Your task ▸ Print the listing below word for word, but drop any pictures it contains.

*** Opening Supplied data ***

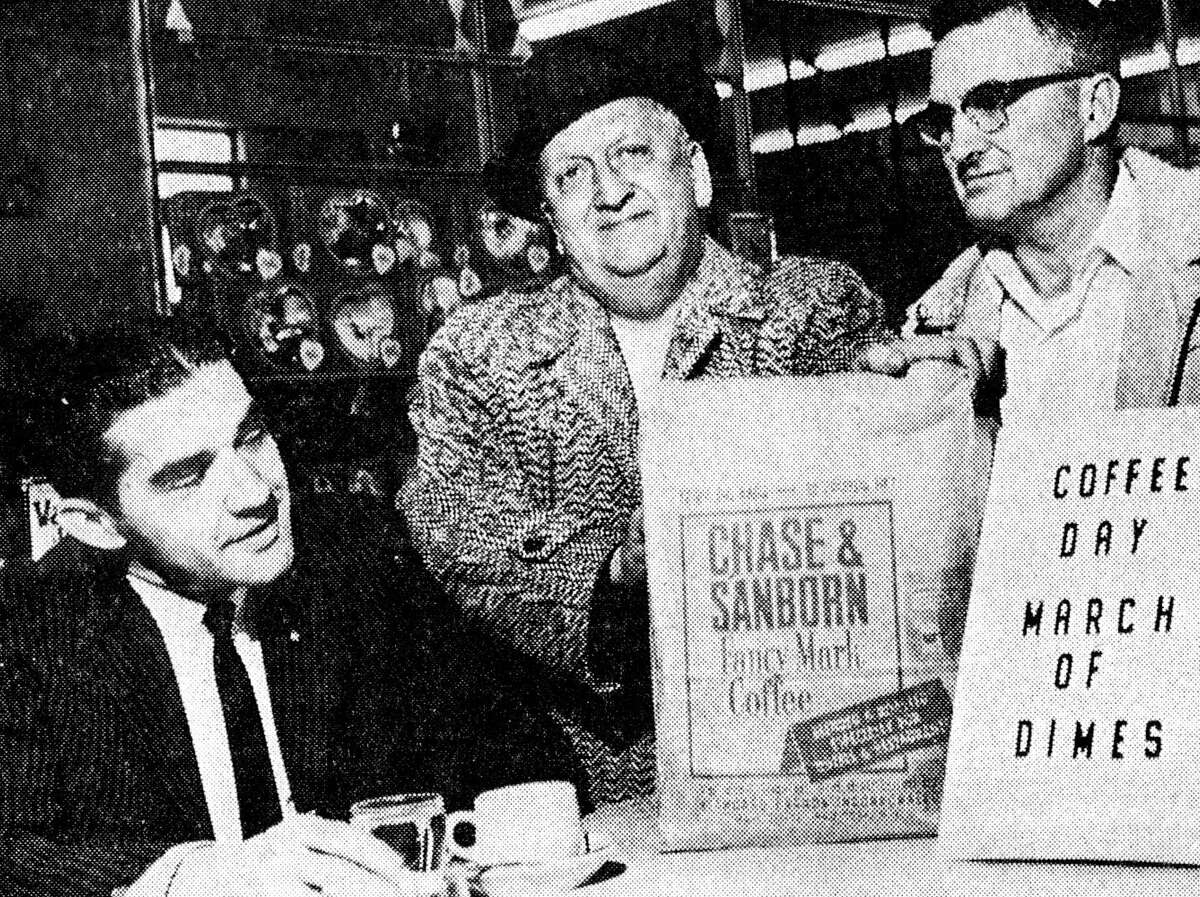 In preparation for the countywide Coffee Day to benefit the 25th anniversary of the March of Dimes drive, cochairs Irv Rhodea (right) and Bill Hanson (center) are shown delivering a supply of coffee to Newberry's yesterday, as store manager Dave Carlson looks on. The photo was published in the News Advocate on Jan. 31, 1963.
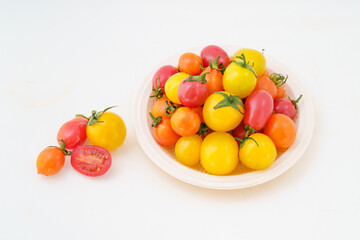 Fresh small persimmons of various colors on white background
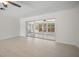 Bright living room featuring sleek sliding doors that provide lots of natural light at 360 E Wentworth Cir, Englewood, FL 34223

*** Closing Supplied data ***

Written solution ▸
 In preparation for the countywide Coffee Day to benefit the 25th anniversary of the March of Dimes drive, cochairs Irv Rhodea (right) and Bill Hanson (center) are shown delivering a supply of coffee to Newberry's yesterday, as store manager Dave Carlson looks on. The photo was published in the News Advocate on Jan. 31, 1963.
 Fresh small persimmons of various colors on white background
 Bright living room featuring sleek sliding doors that provide lots of natural light at 360 E Wentworth Cir, Englewood, FL 34223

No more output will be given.